Quantum mechanics for cheaters.

QM in a nutshell: “I don’t know the answer to this multiple choice, but I know it’s going to be A B C or D, and that’s the same as knowing the answer. Me not knowing the answer means there is no answer. I feel so much better.”

Just because a particle’s velocity and position can’t be known at the same time does Not mean a particle HAS NO velocity or position at a given time.

Yet that’s exactly what QM would have us believe. They are a whole culture of lab coats covering their eyes and believing the world has gone dark.

QM is the science of giving up.

Our inability to solve the problem has no bearing whatsoever on the possibility of the final state.

It’s like looking at a lighting rod and seeing lighting strike 1 inch to it’s left and asking yourself in shock, “Wow! What were the odds of that?” Well apparently 100%, since it happened.

QM is the gambler’s fallacy grown to the size of an institution. It’s a philosophy of acceptance for non answers based on existential confusion. A tolerance for fudged numbers, and claiming success when you got close enough to the mark when an actual answer presents itself. A stealing of credit. The science of hedged bets.

“Hey look, I told you the answer had a high possibility of being a positive number, I’m a genius!”

QM at best introduces randomness, or exposes us to a new unknown order. Chaos itself follows rules, else we wouldn’t be able to make statements about it, or calculate probabilities.

Free will as an actuality can not exist given our current understanding of reality. Quantum indeterminacy or not.
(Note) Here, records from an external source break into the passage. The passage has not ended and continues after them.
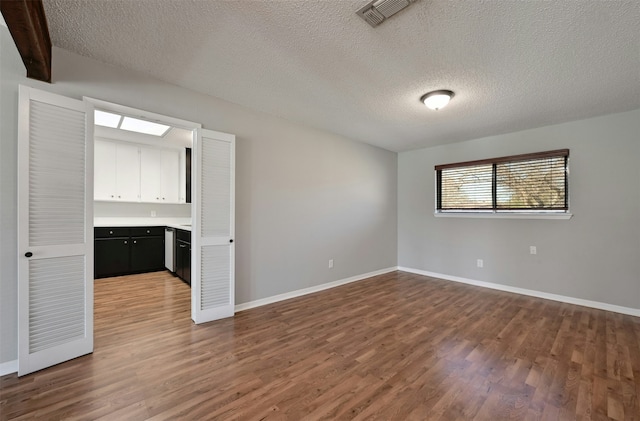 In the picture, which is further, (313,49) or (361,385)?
(313,49)

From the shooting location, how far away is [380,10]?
1.72m

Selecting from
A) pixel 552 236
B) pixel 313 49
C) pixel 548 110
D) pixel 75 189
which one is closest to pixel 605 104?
pixel 548 110

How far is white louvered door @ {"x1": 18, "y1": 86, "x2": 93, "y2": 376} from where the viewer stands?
1955mm

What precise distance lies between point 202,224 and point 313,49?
2051 millimetres

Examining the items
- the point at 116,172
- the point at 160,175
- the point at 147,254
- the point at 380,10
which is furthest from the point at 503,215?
the point at 116,172

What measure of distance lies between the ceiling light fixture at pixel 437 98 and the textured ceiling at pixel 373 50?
74mm

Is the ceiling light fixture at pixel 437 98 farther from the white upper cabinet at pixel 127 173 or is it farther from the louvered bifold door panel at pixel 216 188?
the white upper cabinet at pixel 127 173

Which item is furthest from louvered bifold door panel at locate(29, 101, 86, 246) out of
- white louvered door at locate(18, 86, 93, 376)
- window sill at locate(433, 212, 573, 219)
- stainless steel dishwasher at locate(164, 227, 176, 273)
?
window sill at locate(433, 212, 573, 219)

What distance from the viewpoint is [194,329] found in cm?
277

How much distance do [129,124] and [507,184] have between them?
20.2ft

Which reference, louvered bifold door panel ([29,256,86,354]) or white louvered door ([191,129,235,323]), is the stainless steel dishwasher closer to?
white louvered door ([191,129,235,323])

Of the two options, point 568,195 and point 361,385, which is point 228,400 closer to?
point 361,385

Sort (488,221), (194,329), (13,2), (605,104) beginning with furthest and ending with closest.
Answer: (488,221)
(605,104)
(194,329)
(13,2)

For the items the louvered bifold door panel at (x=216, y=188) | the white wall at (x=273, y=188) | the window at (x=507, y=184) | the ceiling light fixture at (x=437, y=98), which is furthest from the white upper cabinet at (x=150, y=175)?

In our time line mutually exclusive events remain mutually exclusive. Our choices may branch into alternate time lines but that might as well be mythology for all the impact it has on our world. A cosmic game of woulda shoulda coulda.

In the here and now, events have only one outcome. If you want to pretend your brain world is somehow exempt from the laws of nature be my guest, but as for me, I’ll skip the magical thinking.

The illusion of free will is enough, and the existence of permanent unknowns is tolerable for me, but then, I’m a grown up like that. *shrugs*

I can’t imagine a more self important attitude. It’s like listening to arguments on how earth HAS to be the center of everything.

It’s puddle thinking.

It’s a religion infesting particle physicists. And until I see some of these quantum miracles (macroscopic teleportation, entanglement, and related quantum weirdness) applied at the macro scale, I’m not buying it.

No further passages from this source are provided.